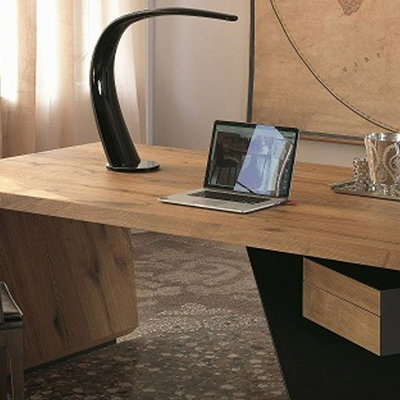 Black+Brown Rectangular Solid Wood+Iron desks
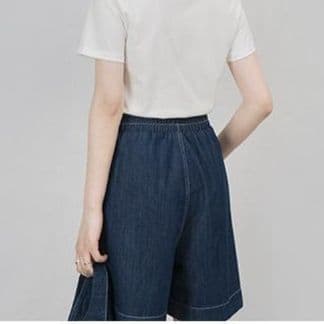 デニムセットアップ ステッチ半袖シャツ&ショートパンツ 大人かわいい万能上下セット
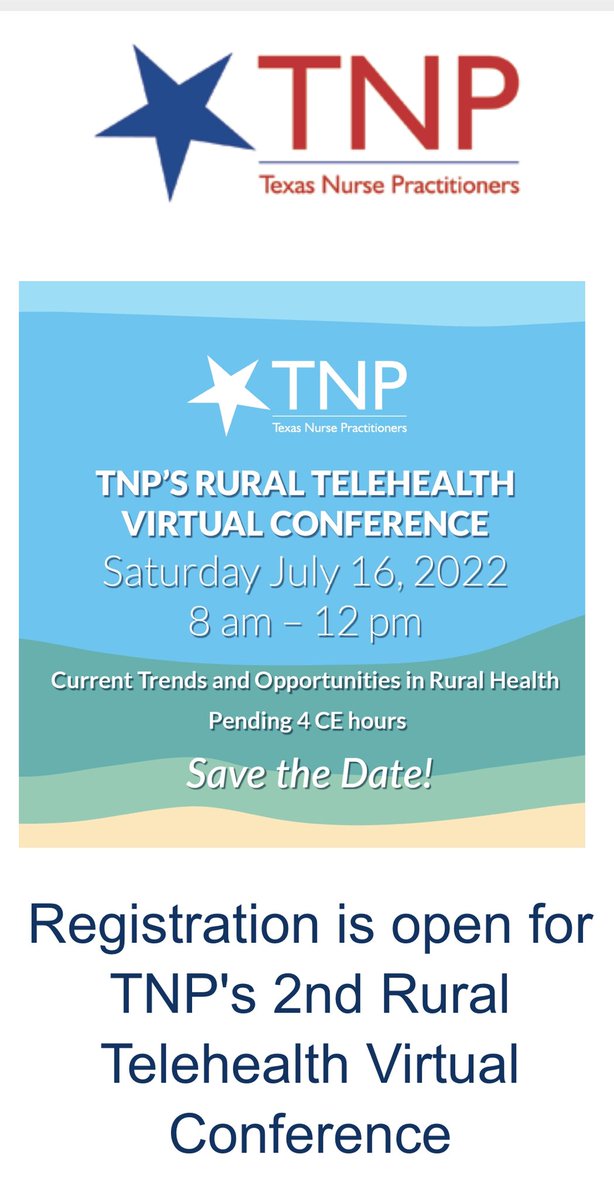 Dr. Vicki Brooks DNP, APRN, FNP-BC,FAANP (@brooks_vicki) on Twitter photo Please sign up for the #Rural #Health Virtual #Conference #NPsLead <a href="/torchnet/">TORCH</a> <a href="/TexasNursesAssn/">Texas Nurses Association</a> #RuralEmpowerment <a href="/TNPAustin/">TXNursePractitioners</a> <a href="/ANPAssociation/">Arkansas Nurse Practitioner Association</a> <a href="/LANPVoice/">Louisiana Association of Nurse Practitioners</a> <a href="/OklahomaNurses/">Oklahoma Nurses</a> Please sign up for the #Rural #Health Virtual #Conference #NPsLead <a href="/torchnet/">TORCH</a> <a href="/TexasNursesAssn/">Texas Nurses Association</a> #RuralEmpowerment <a href="/TNPAustin/">TXNursePractitioners</a> <a href="/ANPAssociation/">Arkansas Nurse Practitioner Association</a> <a href="/LANPVoice/">Louisiana Association of Nurse Practitioners</a> <a href="/OklahomaNurses/">Oklahoma Nurses</a>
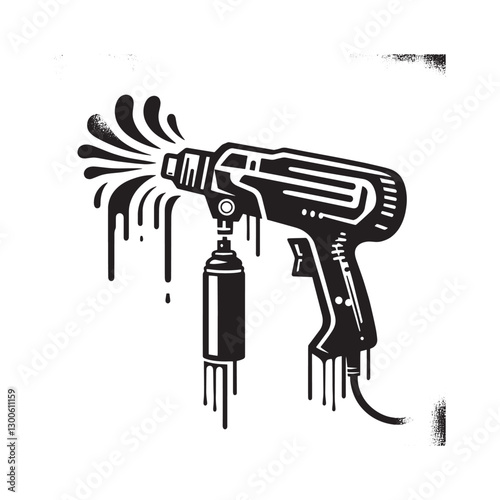 Bold graphic illustration featuring a stylized spray paint gun w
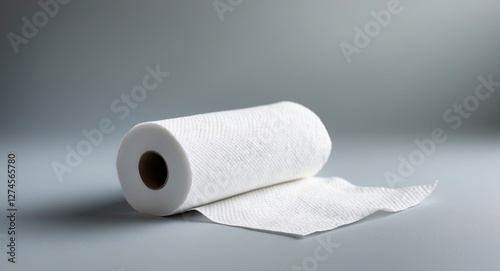 Single Roll of White Paper Towels on a Soft Gray Background.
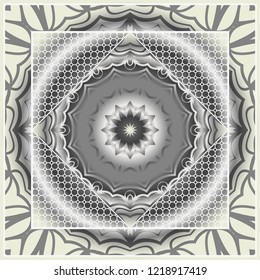 Geometric Pattern with hand-drawing floral ornament. illustration. For fabric, textile, bandana, scarg, print.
_ _ _
Exactly as written, restate the lines above from the opening line through the one holding "Single Roll of", omitting the pictures.

- _ANSWER TO THIS TASK_:
 Black+Brown Rectangular Solid Wood+Iron desks
 デニムセットアップ ステッチ半袖シャツ&ショートパンツ 大人かわいい万能上下セット
 Dr. Vicki Brooks DNP, APRN, FNP-BC,FAANP (@brooks_vicki) on Twitter photo Please sign up for the #Rural #Health Virtual #Conference #NPsLead <a href="/torchnet/">TORCH</a> <a href="/TexasNursesAssn/">Texas Nurses Association</a> #RuralEmpowerment <a href="/TNPAustin/">TXNursePractitioners</a> <a href="/ANPAssociation/">Arkansas Nurse Practitioner Association</a> <a href="/LANPVoice/">Louisiana Association of Nurse Practitioners</a> <a href="/OklahomaNurses/">Oklahoma Nurses</a> Please sign up for the #Rural #Health Virtual #Conference #NPsLead <a href="/torchnet/">TORCH</a> <a href="/TexasNursesAssn/">Texas Nurses Association</a> #RuralEmpowerment <a href="/TNPAustin/">TXNursePractitioners</a> <a href="/ANPAssociation/">Arkansas Nurse Practitioner Association</a> <a href="/LANPVoice/">Louisiana Association of Nurse Practitioners</a> <a href="/OklahomaNurses/">Oklahoma Nurses</a>
 Bold graphic illustration featuring a stylized spray paint gun w
 Single Roll of White Paper Towels on a Soft Gray Background.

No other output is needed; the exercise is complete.